[Work instruction] What are the lines from the one with "Modulo Sam Fusivel Traseira Mercedes C200 Kompressor 2008 Modulo" through the end of the records below, written out exactly and without the pictures?

** Opening Task input block **

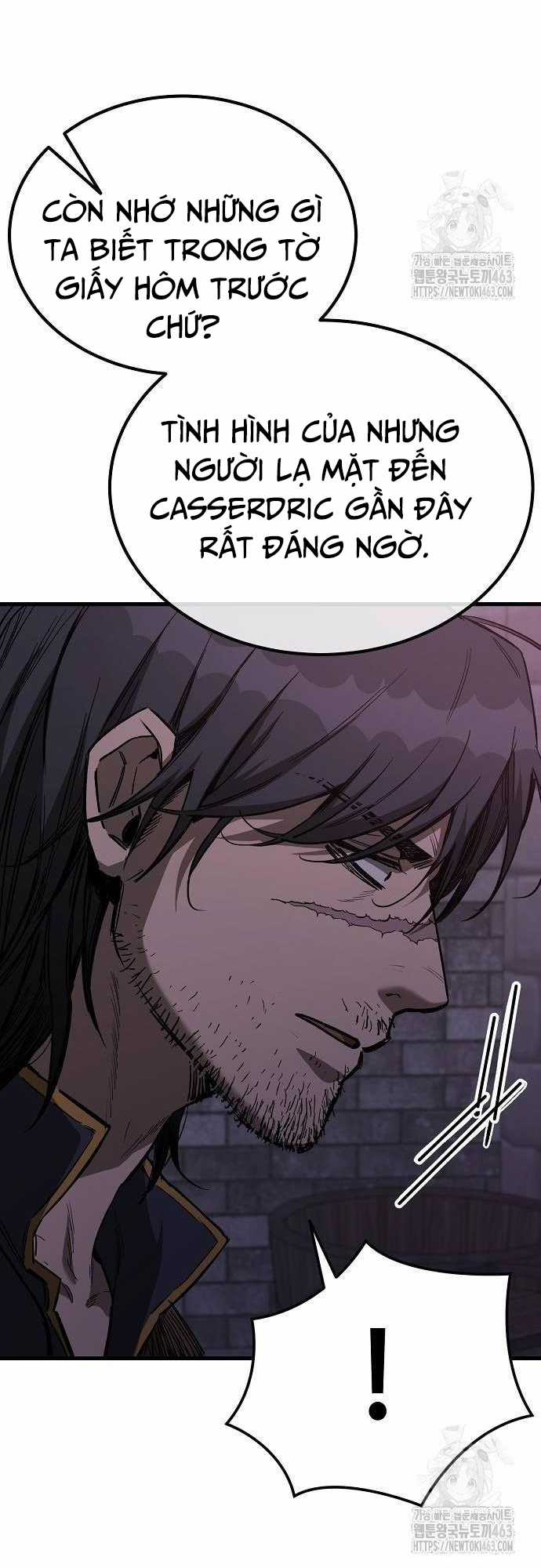 Kẻ Điên Và Đội Trưởng Cảnh Vệ Chapter 11 trang 27
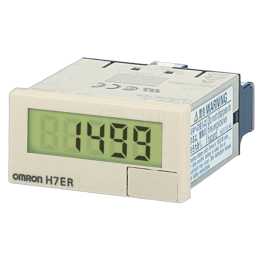 H7ER-NV-H Omron - Contatore: elettronico LCD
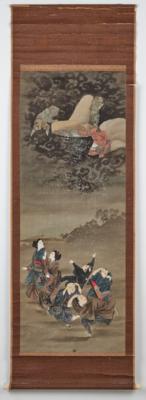 Japan, Taisho-Periode, - Asiatische Kunst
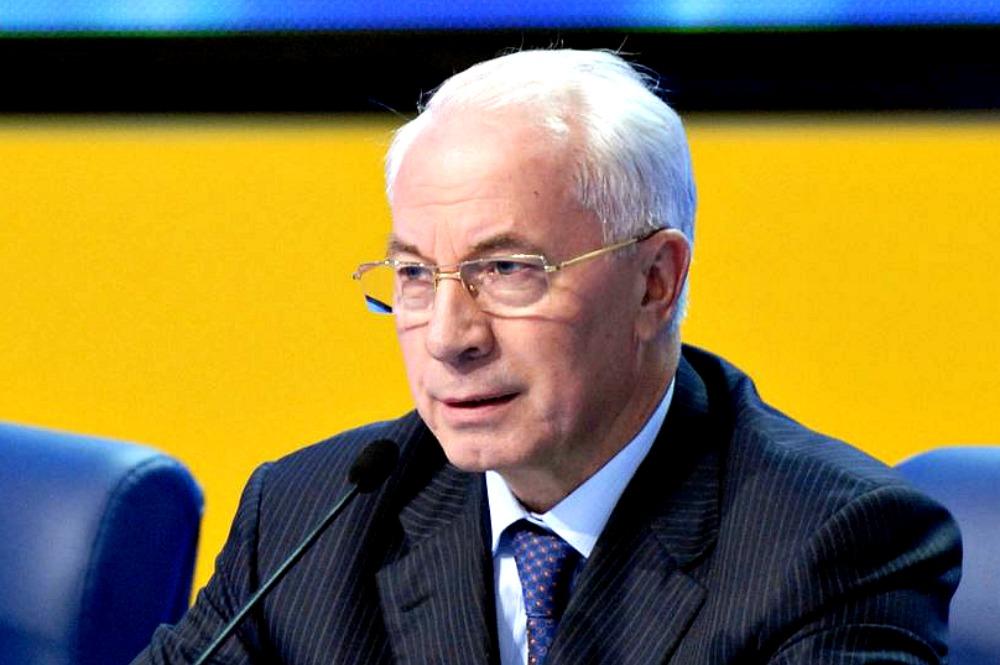 Николай Азаров Николай Азаров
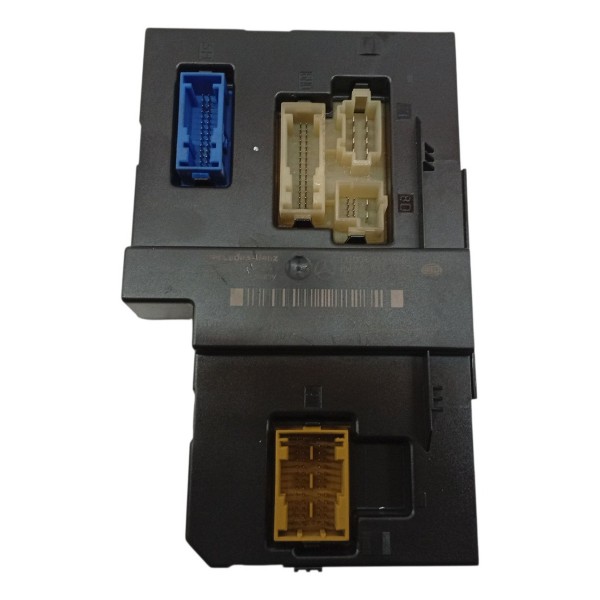 Modulo Sam Fusivel Traseira Mercedes C200 Kompressor 2008 Modulo Sam Fusivel Traseira Mercedes C200 Kompressor 2008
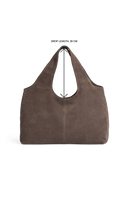 LaurineMBG Shopper, Suede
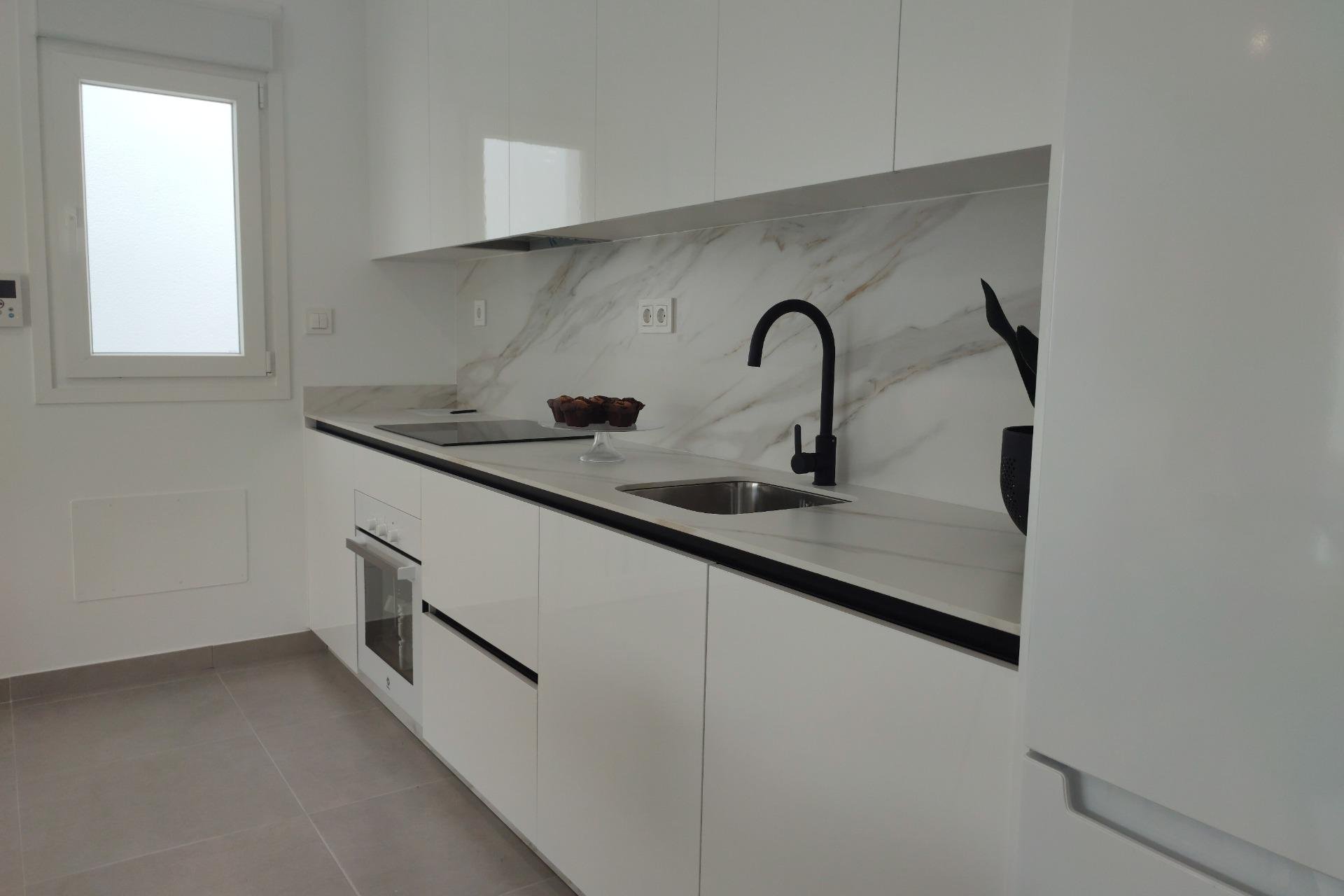 Obra nueva - Semi detached -
Torre - Pacheco - Balsicas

** Closing Task input block **

[Task result]
 Modulo Sam Fusivel Traseira Mercedes C200 Kompressor 2008 Modulo Sam Fusivel Traseira Mercedes C200 Kompressor 2008
 LaurineMBG Shopper, Suede
 Obra nueva - Semi detached -
Torre - Pacheco - Balsicas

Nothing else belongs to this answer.